Please leave out pictures and print exactly the lines from the one that has "We are just" through the last line of the material below.

________

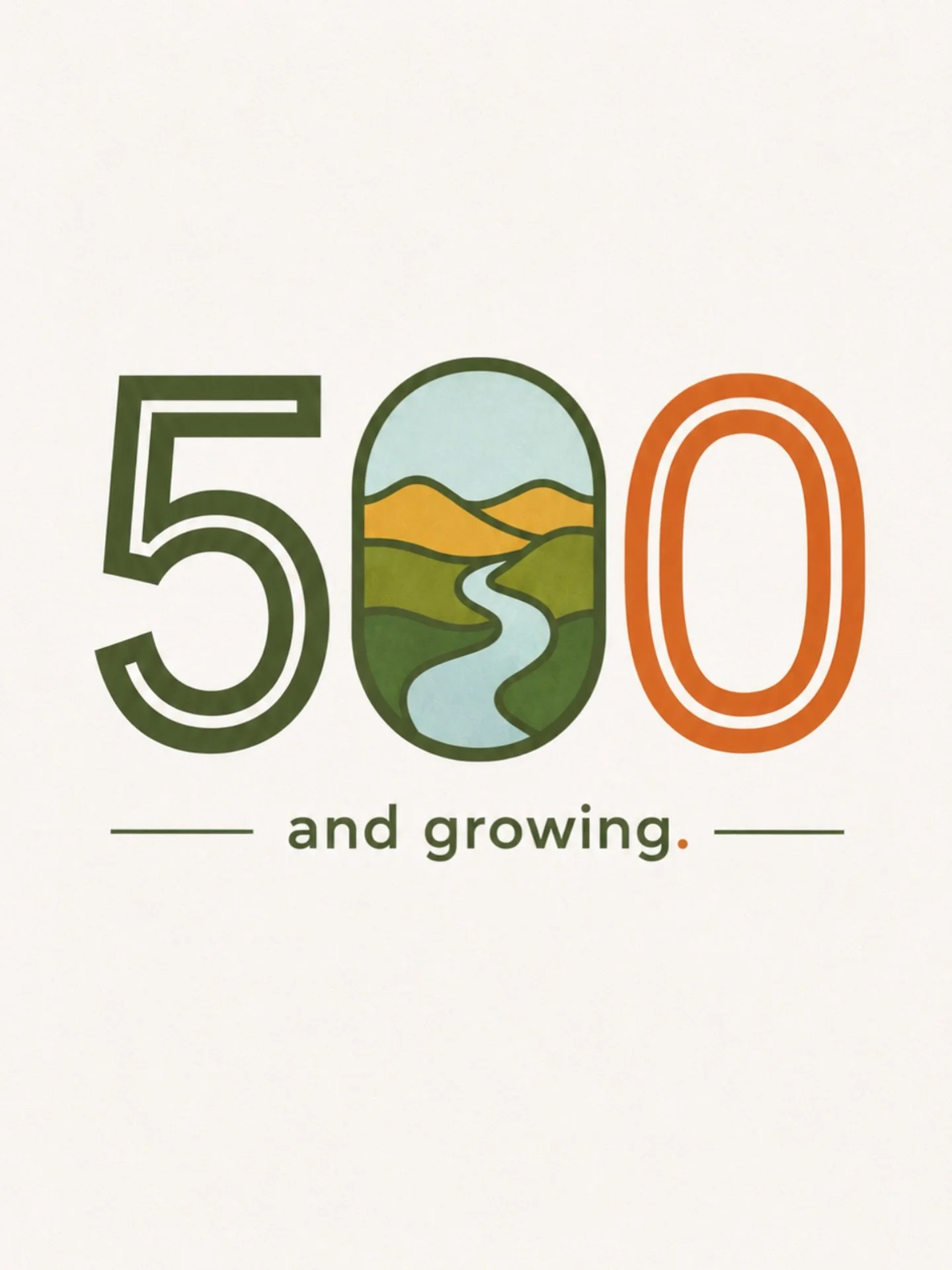 500 and growing 🌱

It feels really special to watch so many people connecting around local businesses, artists, gatherings, healers, makers, and community spaces.

We are just getting started. There&rsquo;s so much more on the horizon. 

Thank you f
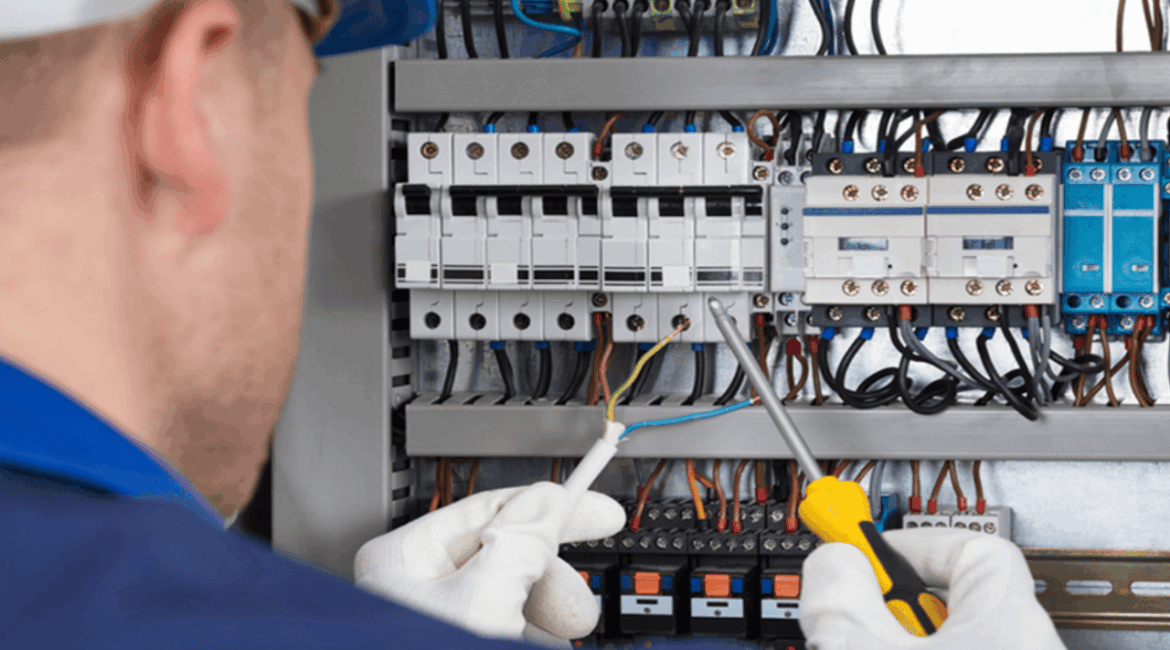 inspeção de segurança elétrica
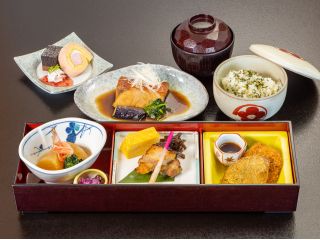 八景御膳(イメージ)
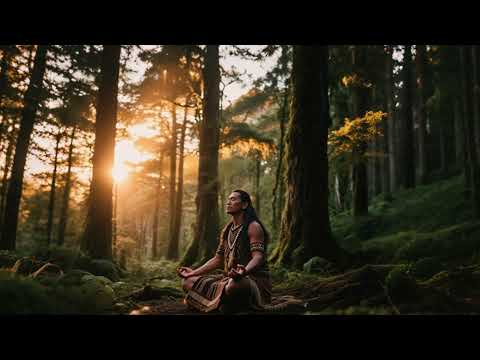 Mauri Tau | Māori-Inspired Meditation Music Taonga Pūoro Healing Vibes for Inner Peace and Study
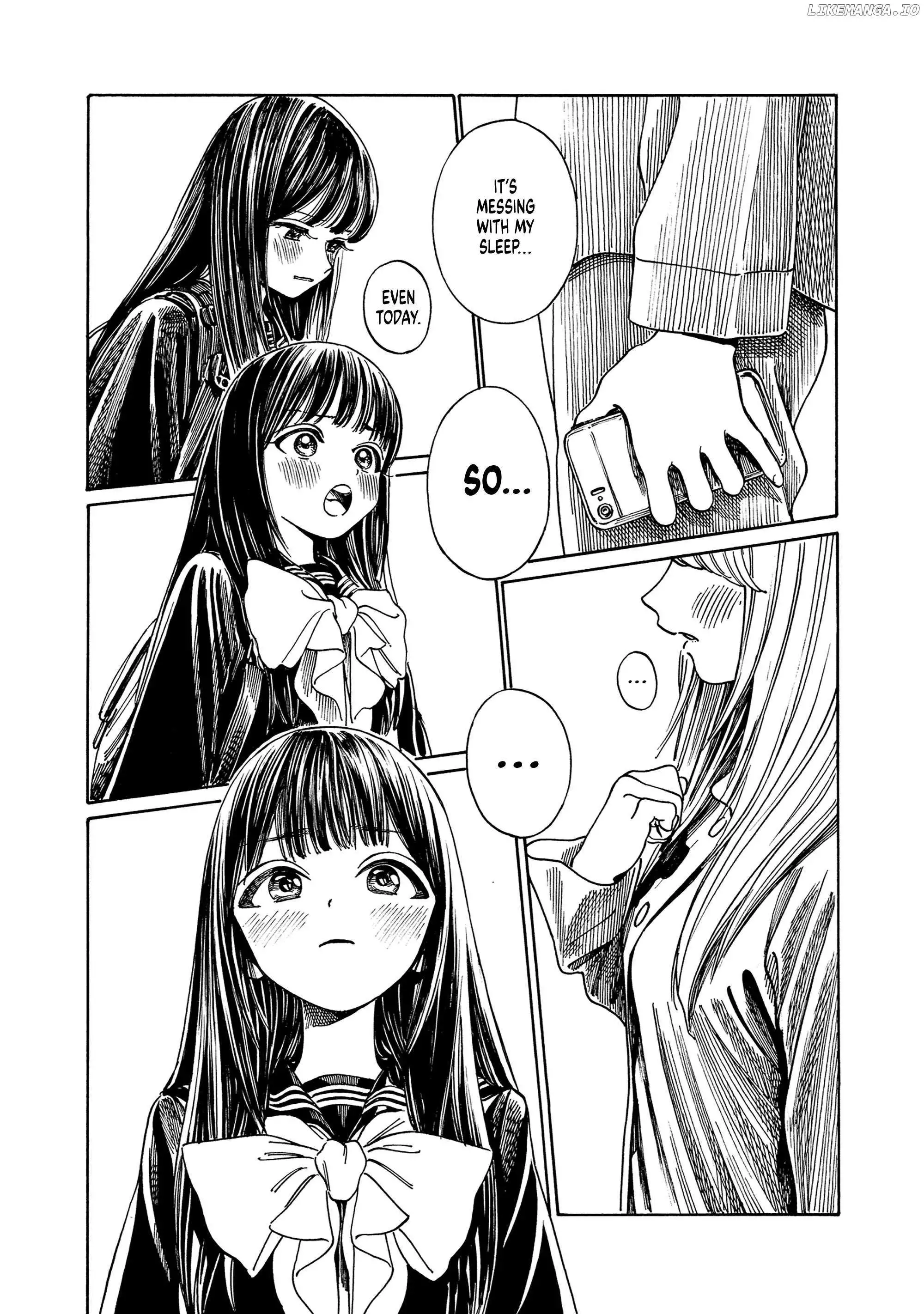 Akebi-chan's Sailor Uniform Chapter 80 page 30
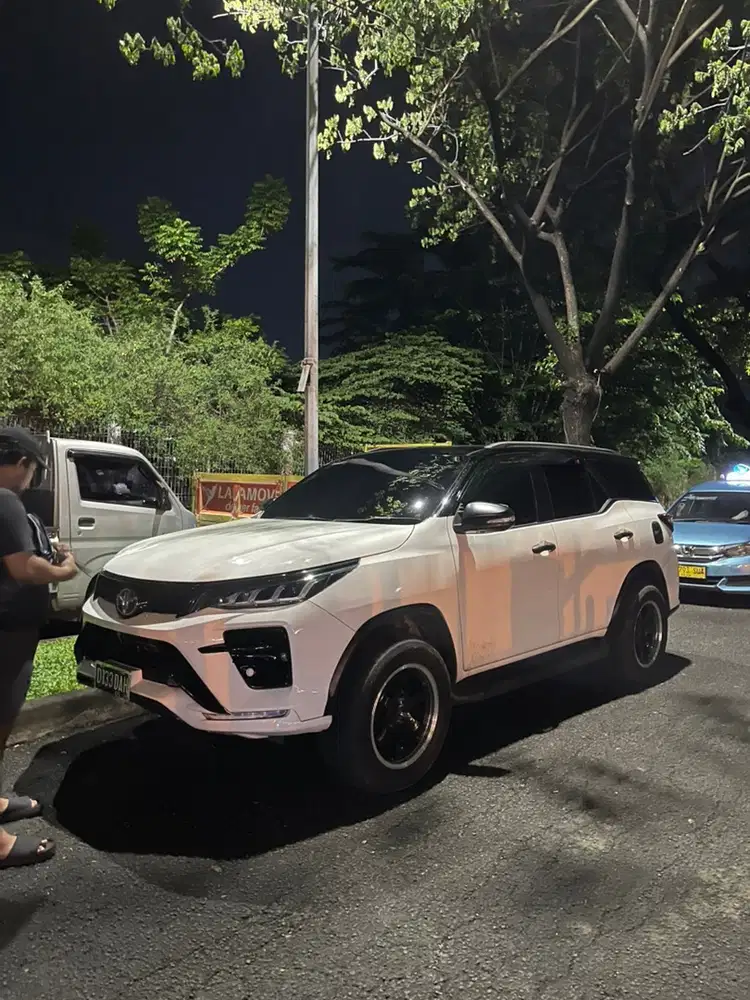 Toyota Fortuner 2016 Diesel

________

§ RESULT FOR THIS TASK
We are just getting started. There&rsquo;s so much more on the horizon. 

Thank you f
 inspeção de segurança elétrica
 八景御膳(イメージ)
 Mauri Tau | Māori-Inspired Meditation Music Taonga Pūoro Healing Vibes for Inner Peace and Study
 Akebi-chan's Sailor Uniform Chapter 80 page 30
 Toyota Fortuner 2016 Diesel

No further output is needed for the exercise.